-- DATA SHOWN follows --

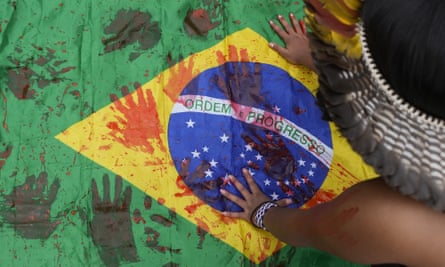 An Indigenous girl stamps her hand prints with red paint symbolising blood, on a Brazilian national flag during an Indigenous protest against violence, illegal logging, mining and ranching in September.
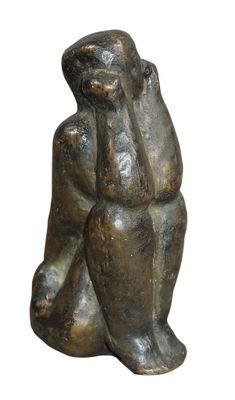 statue of a man sitting on his knees with his head in his hands
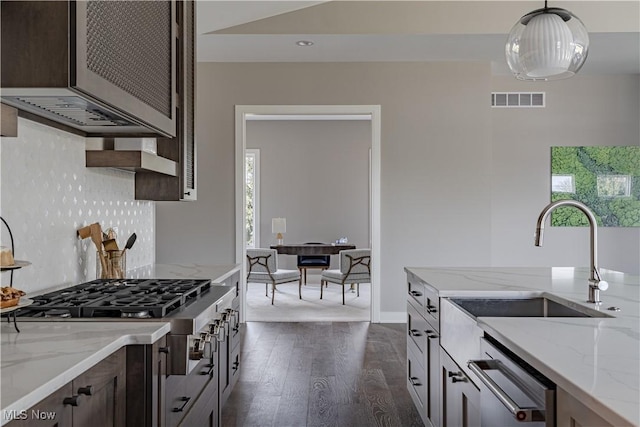 kitchen featuring dark wood-style flooring, dark brown cabinetry, backsplash, stainless steel appliances, and light stone counters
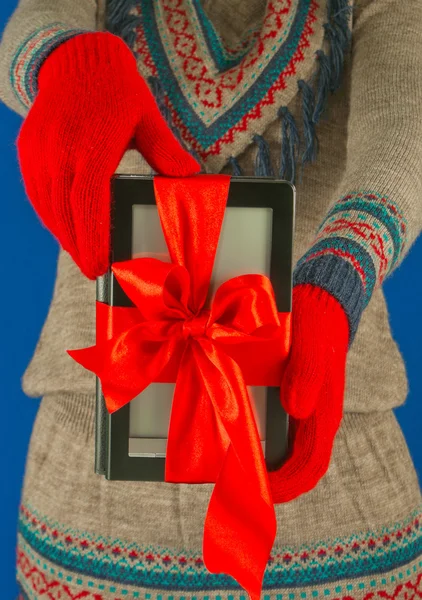 Девушка держит электронный читатель книг в красных перчатках — стоковое фото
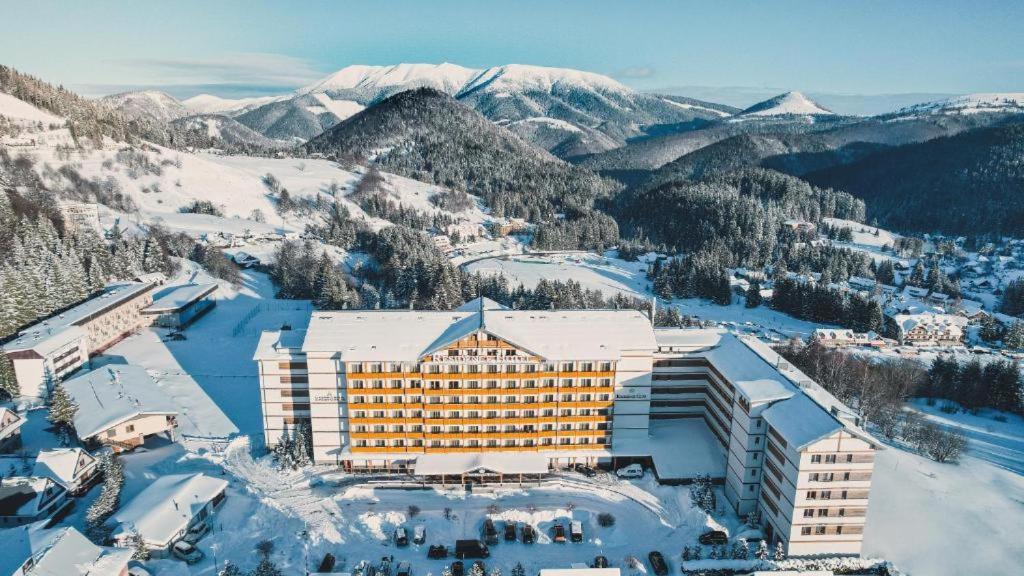 an aerial view of a hotel on a snowy mountain at Apartmán PONIKLEC v hoteli Residence **** in Donovaly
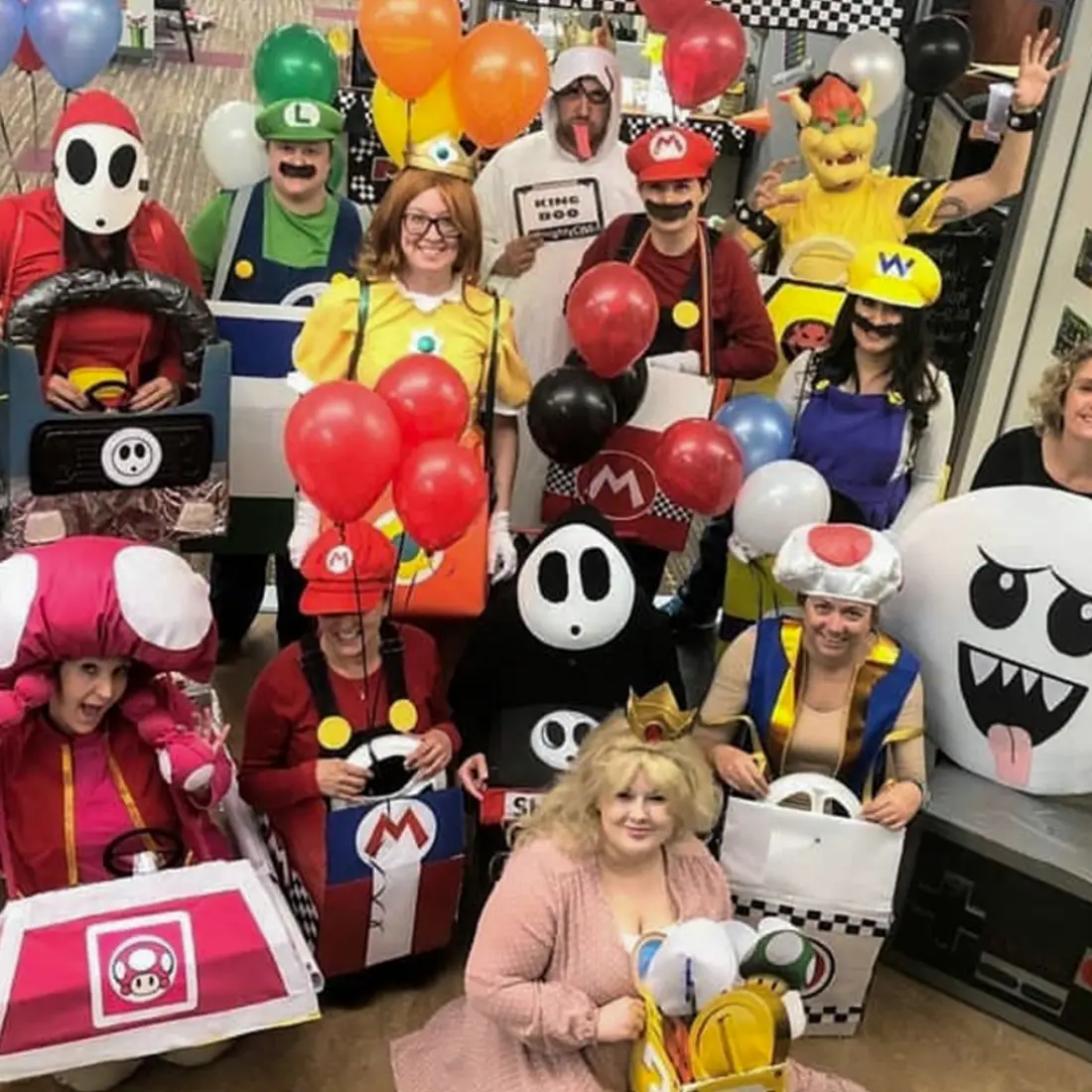 Members of the Students Affairs team dressed up on Halloween as characters from Mario Cart.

-- DATA SHOWN concluded --

TASK DESCRIPTION: Pictures stay out of the copy. Reproduce exactly the lines from the one containing "kitchen featuring dark" through the last line of the records above, both included.

ANSWER BELOW:
 kitchen featuring dark wood-style flooring, dark brown cabinetry, backsplash, stainless steel appliances, and light stone counters
 Девушка держит электронный читатель книг в красных перчатках — стоковое фото
 an aerial view of a hotel on a snowy mountain at Apartmán PONIKLEC v hoteli Residence **** in Donovaly
 Members of the Students Affairs team dressed up on Halloween as characters from Mario Cart.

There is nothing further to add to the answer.